Fisher went on to hint at his very reserved view of the impending danger:
“I was warning my colleagues, Don’t go wobbly if we have a 10 to 20 percent correction at some point… Everybody you talk to… has been warning that these markets are heavily priced.” [In reference to interest rate hikes]
So, what happens when the Fed stops shorting volatility and ends the easy money being pumped into markets? Well, again, I think Powell and Fisher have just told you what will happen, but let’s continue.
Powell: “My third concern — and others have touched on it as well — is the problems of exiting from a near $4 trillion balance sheet. We’ve got a set of principles from June 2011 and have done some work since then, but it just seems to me that we seem to be way too confident that exit can be managed smoothly. Markets can be much more dynamic than we appear to think.
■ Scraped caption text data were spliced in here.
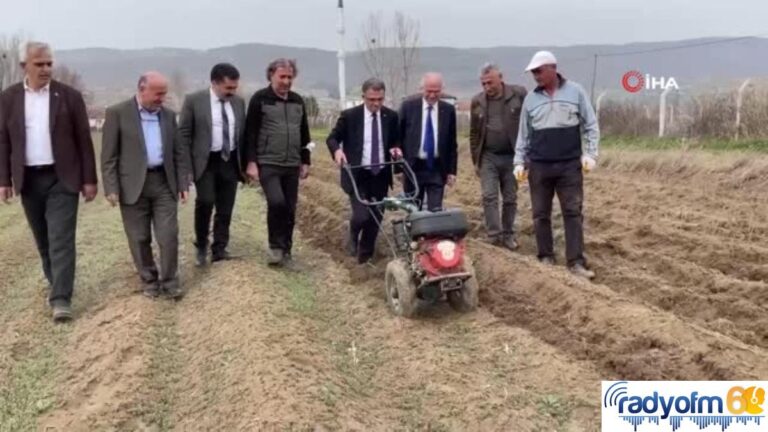 Tokat Valisi Balcı, çapa yaptı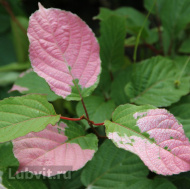 Актинидия коломикта Адам (Adam)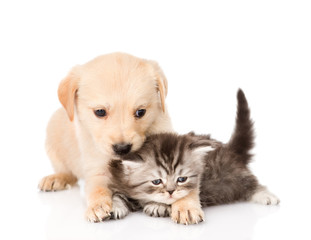 golden retriever puppy dog and british cat together. isolated on
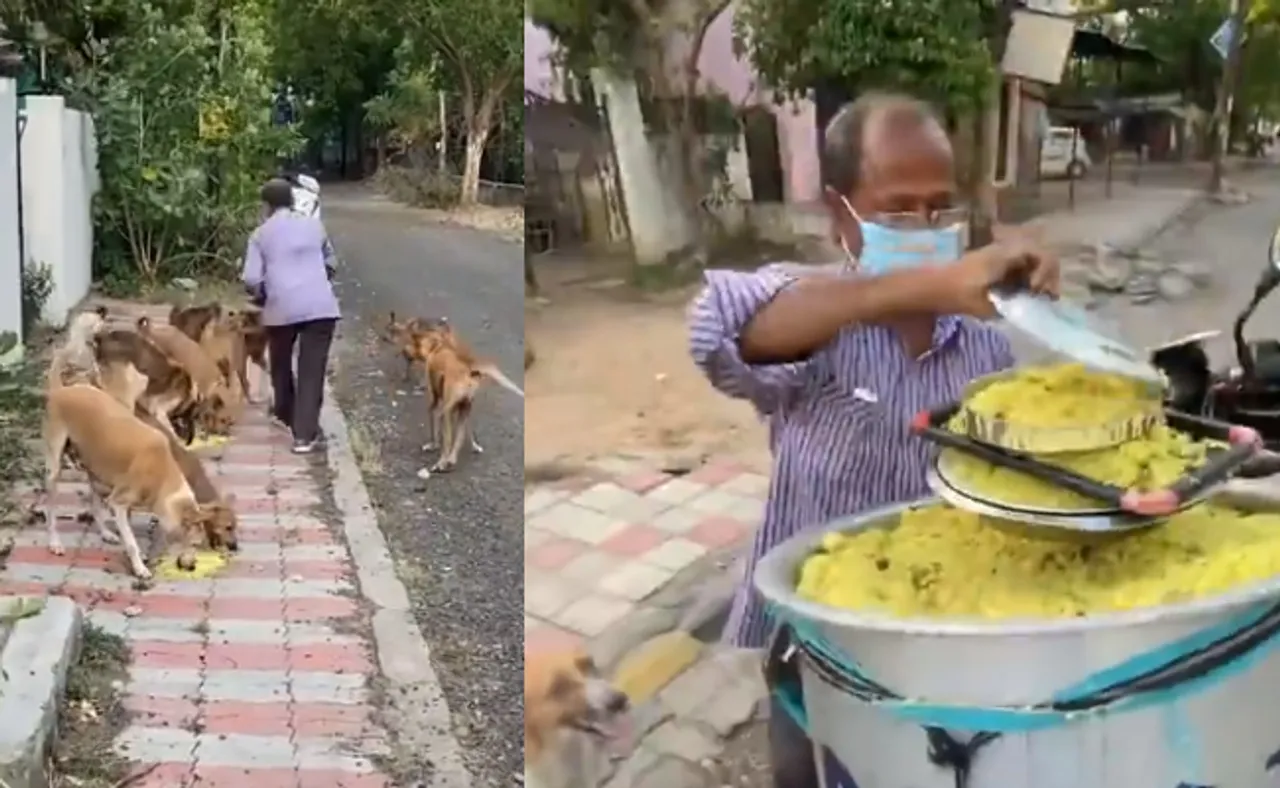 ୧୧ ବର୍ଷ ଧରି ୧୫୦ରୁ ଅଧିକ ବୁଲା କୁକୁରଙ୍କୁ ଦେଉଛନ୍ତି ଚିକେନ୍ ବିରିୟାନୀ, କହିଲେ ଏମାନେ ମୋର ...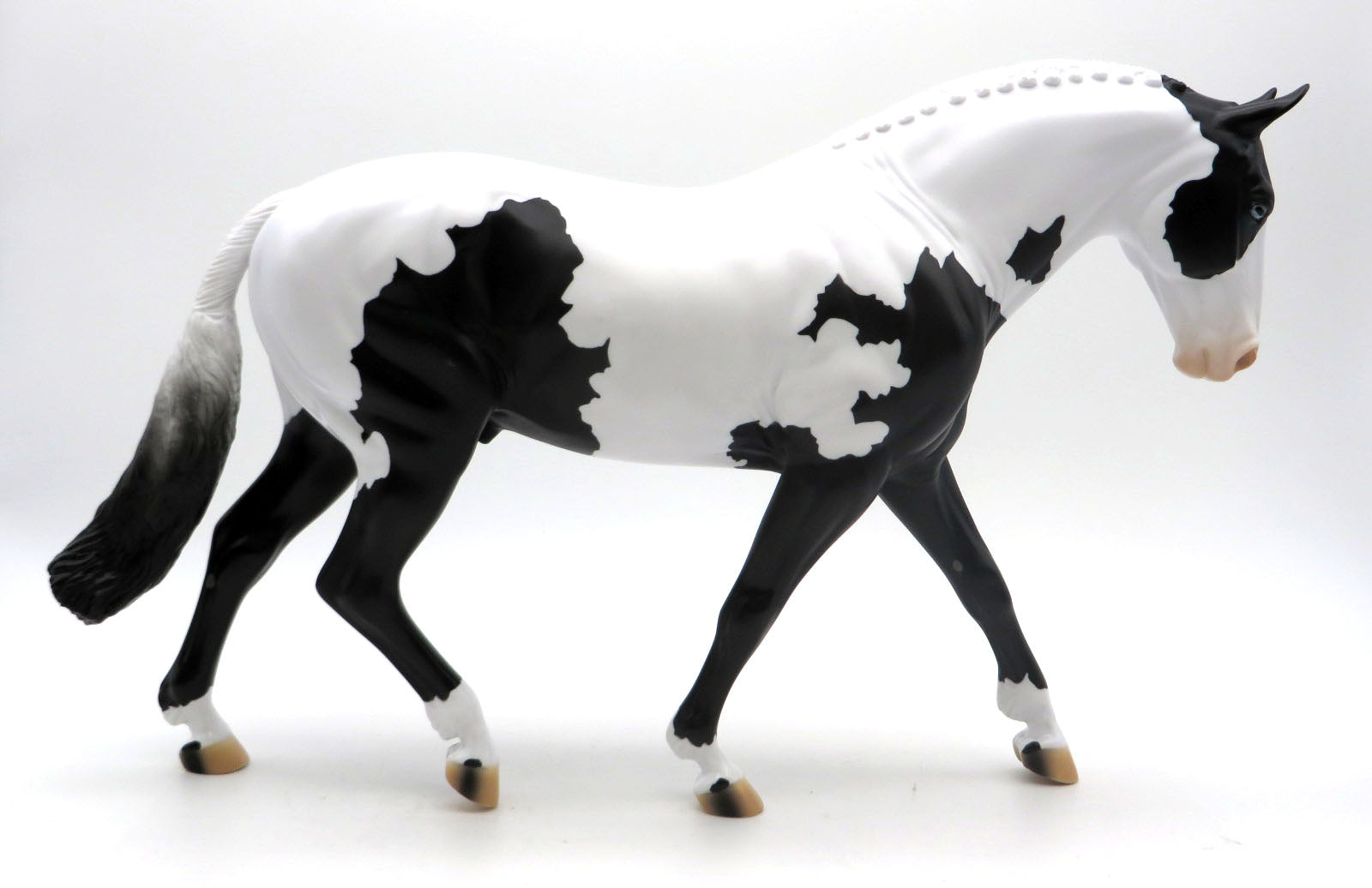 Capone - Black Tovero Irish Draught - SHCF 22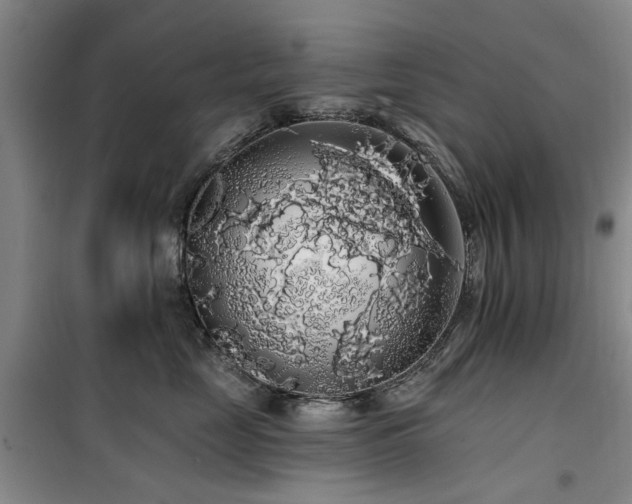 X0000100200669200805301311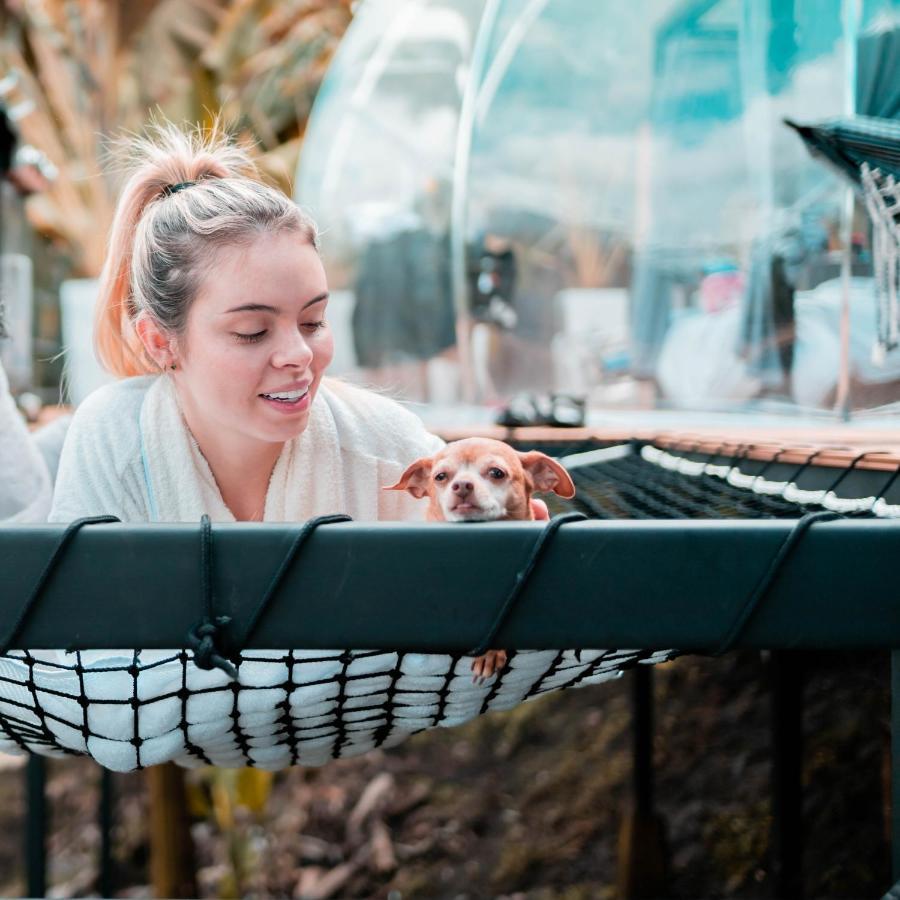 Chami Glamping Villa Manizales Eksteriør bilde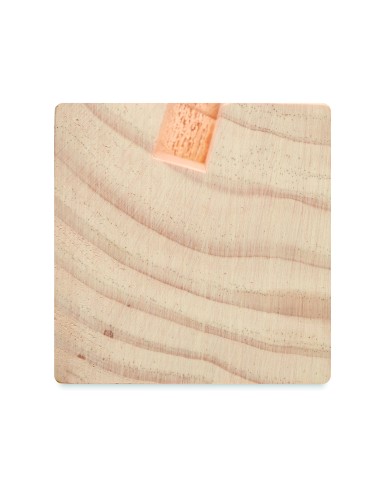 Stand scrivania con kit di semi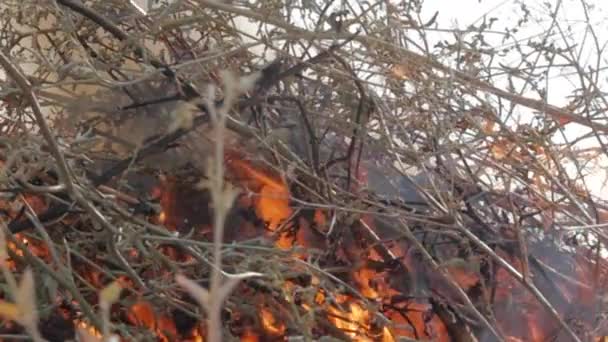 Queimaduras na natureza, arbustos, galhos de árvores, grama verde, canas secas queimaduras com uma chama poderosa em uma fração de segundo, bolas azuis escuras de aumento de fumaça. O conceito de incêndios de verão, a natureza em perigo, escuro — Vídeo de Stock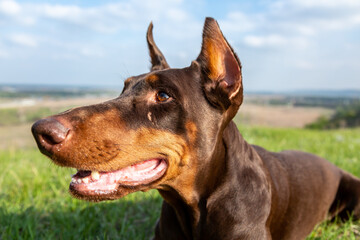 Portrait of a brown-and-tan doberman dobermann dog in green grass on a hill on a blurred natural background. Head in the frame close-up. Horizontal orientation.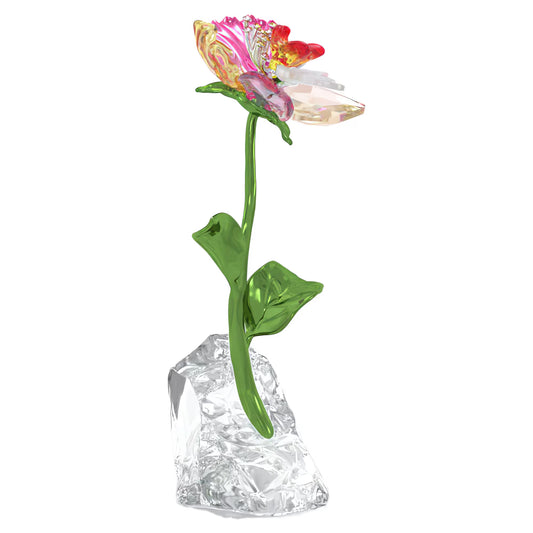 Idyllia Flower, Small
When you turn and say to the market, “I’ve got $1.2 trillion of these things,” it’s not just $20 billion a month — it’s the sight of the whole thing coming. And I think there is a pretty good chance that you could have quite a dynamic response in the market.”
Assessment: The Fed balance sheet is being reduced NOW, and Powell as chairman will only continue the process if not expedite it. Some people may argue that Powell is displaying an attitude that would suggest he is not on board with tightening policies. I disagree. I believe Powell will make the argument that the band-aid must be ripped off and that stock markets need some “tough love”.
In fact, Fed members including Yellen and former member Alan Greenspan (is there such a thing as a “former” member of the Fed?) have already been fielding the notion that stock markets are suffering from “irrational exuberance” and that something must be done to “temper inflation.”
Powell is also acknowledging the mass-psychological aspect of investors, now trained like Pavlovian dogs to salivate over stock tickers instead of thinking critically on the implications of equities that “can’t lose”. When they finally begin to realize that equities can indeed lose, and that the Fed is going to let them lose, what will the result be, I wonder?
Powell: “I think we are actually at a point of encouraging risk-taking, and that should give us pause. Investors really do understand now that we will be there to prevent serious losses. It is not that it is easy for them to make money but that they have every incentive to take more risk, and they are doing so. Meanwhile, we look like we are blowing a fixed-income duration bubble right across the credit spectrum that will result in big losses when rates come up down the road. You can almost say that that is our strategy.”
Assessment: Wow! And there you have it. The new Fed chair’s own prognostications. He even used the dreaded “B” word — bubble. Yes, as I have been arguing for quite some time, the Fed will continue to raise rates and cut off the low cost money supply to banks and corporations that has helped boost stock markets as well as numerous other asset classes. And now we discover after six years a Fed official, soon to be the Fed chairman, telling you EXACTLY what is about to happen within American markets, reinforcing my long held position.
Powell even mentions that “this is their strategy.” Now, that could be interpreted a few ways, but I continue to hold that the Fed plans to deliberately crash markets and that this will be a controlled demolition of the U.S. economy.
Trump may actually clash with Powell over these measures in the near future, considering Trump has thoroughly taken credit for the insane stock market rally that has dominated since his election. But, this will only add to the fake drama. Imagine, the very man Trump “picked” as the new head of the Federal Reserve undermining the market bubble which Trump boasts about on his Twitter account. The Kabuki theater will be phenomenal.
All the while, the true culprits behind the bubble and the crash, the international financiers and banks, will escape almost all scrutiny as the public mindlessly follows the political soap opera played out in the mainstream media.